Everything came to a head that Labor Day weekend, when Sophie and Bob were housing guests from Boston and New York—friends essentially pressed into service as importers of the more exotic items on Sophie's new knock-back-by-the-bucket list. "What can we bring?" they had asked, reflexively, in their innocence, only to be sent chasing after relatively rare delights in chi-chi booze boutiques. They crossed the threshold of the cottage to see their old pal Sophie tinkering with mixers and strips of orange peels like a mad scientist who wore, instead of a lab coat, a merino wool twinset.
With Averna—a caramel quaff from Sicily with the dark charm of a light port—and ginger ale, she made a round of Vertigos, and their zip was duly dizzying. With Ramazzotti—a root-beery entry from Milan—she could reach no greater heights than The Heights, which depends on gin and dry vermouth and grapefruit to moderate its aggressive stickiness. But she could do nothing with Gran Classico—which is now produced by the Swiss, which is probably the whole problem right there. Metallically spicy, a kind of herbal elfin whirligig spinning saccharine across the tongue, the Gran Classico was, unlike its peers, not even fit for drizzling atop a bowl of ice cream, and Sophie's disappointment was palpable. She scarcely had the will, that Saturday night, to properly stir her lobster risotto.

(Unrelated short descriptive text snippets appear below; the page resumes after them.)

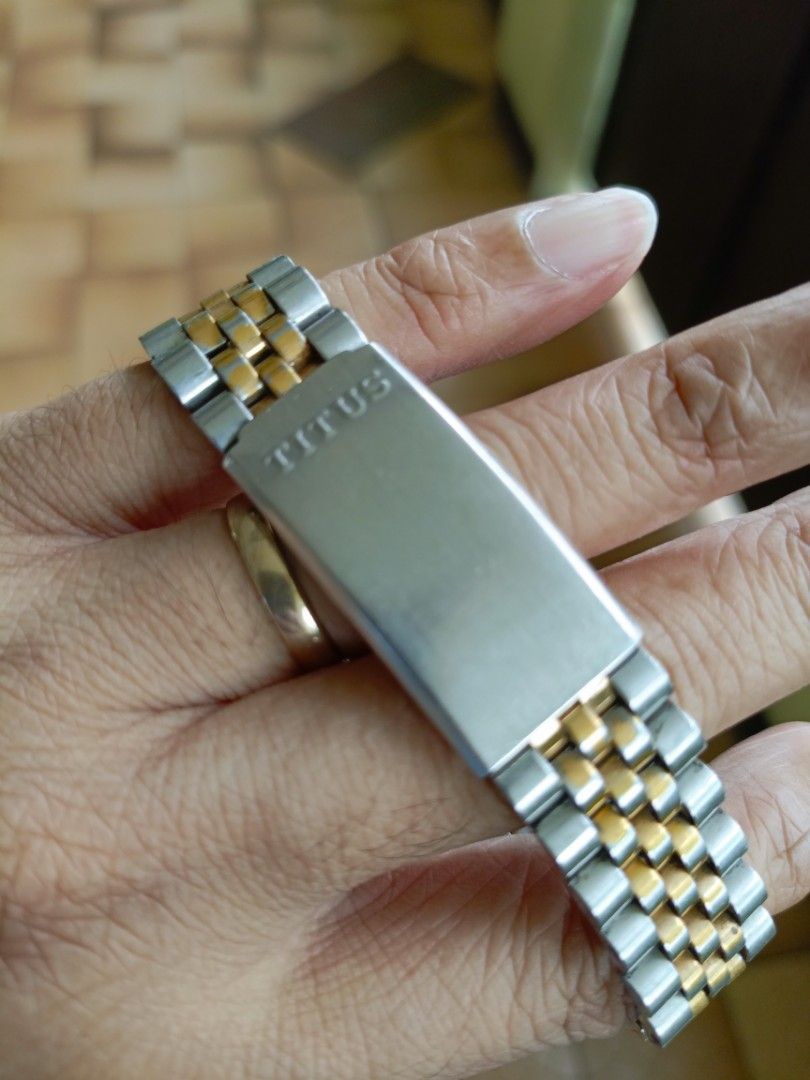Vintage Titus automatic two toned watch (Category: Luxury Watches) located in Paranaque City. Submitted by timeforus (Listing ID 1469037241, Image 2). Description: good working condition. slight fades on the bracelet.
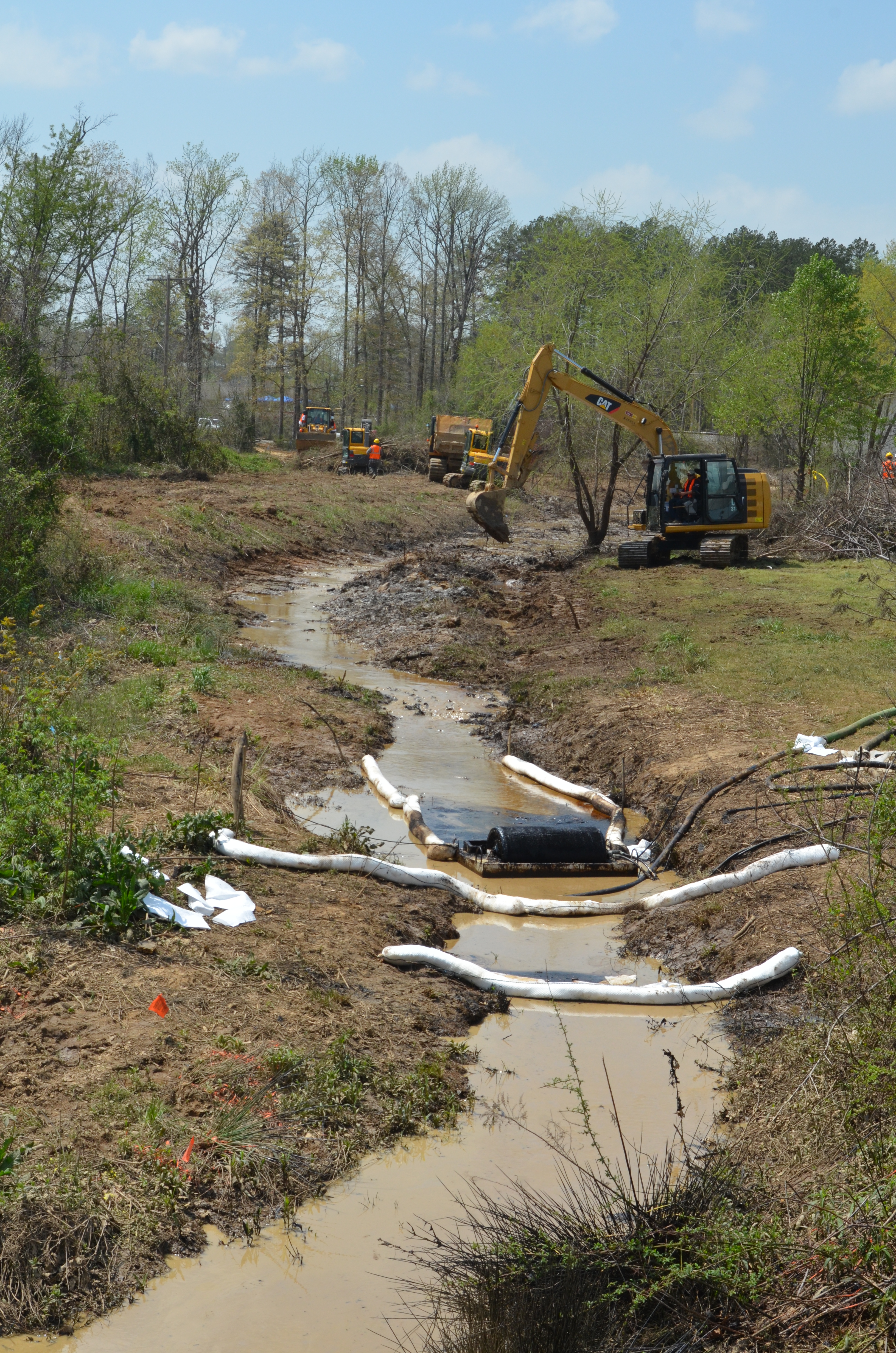 2013-04-11-oilspill3.JPG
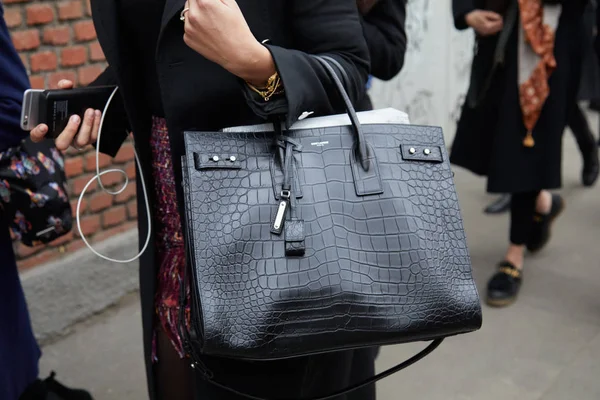 Wanita dengan tas buaya hitam Santo Laurent sebelum peragaan busana Fendi, Milan Fashion Week gaya jalanan pada tanggal 15 Januari 2018 di Milan . — Stok Foto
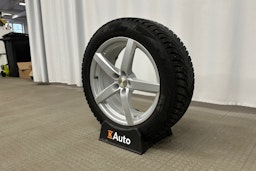 harmaa Skoda Enyaq 2022 kuva 13.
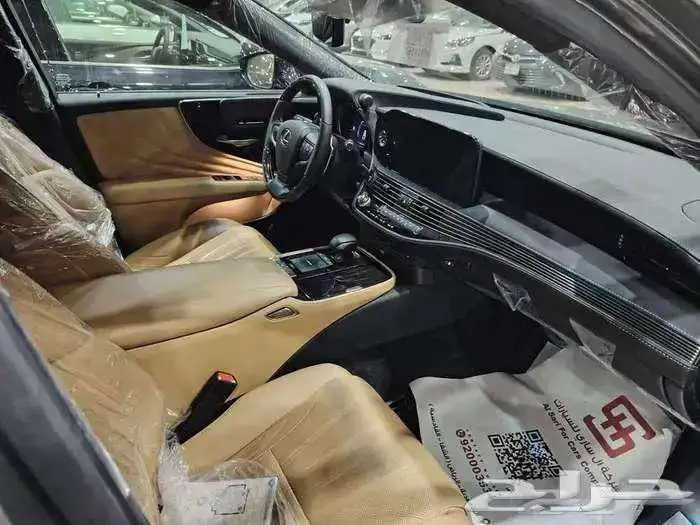 لكزس LS500HH الموديل2022 1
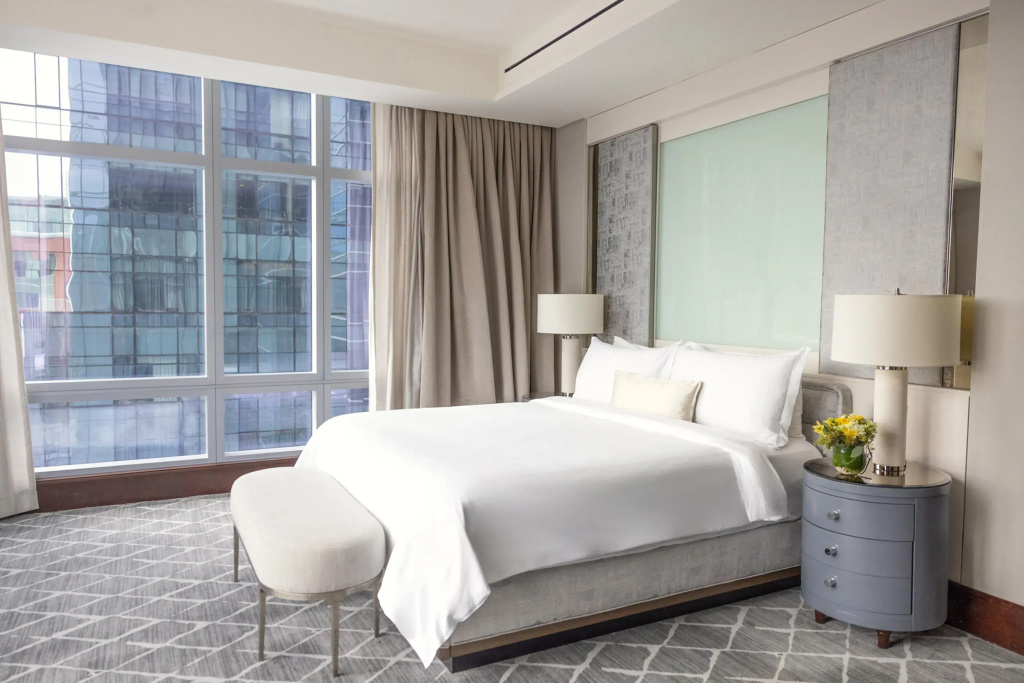 North Double Penthouse Suite full double bed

Consolation came the next evening, when, with a hard bite of autumn of the air, she cracked open a bottle of Cynar and sniffed at it and beheld the handsome artichoke on its snazzy label. This was the stuff, rich and strange. What could Sophie do with it? What couldn't she? Cynar had a vegetal depth—distinctly not musical comedic—that could carry her into fall and a mild spiciness that provoked intrigue among tipplers far less far-gone than she. In her glass, with but a hunk of ice and a sliver of lemon, it allowed her to elevate her lust for bitterness into a school of philosophy. Every sip put her in the puckish mind of a line from old ad for Moxie, New England's answer to Mr. Pibb: "I've learned to take the bitter with the sweet."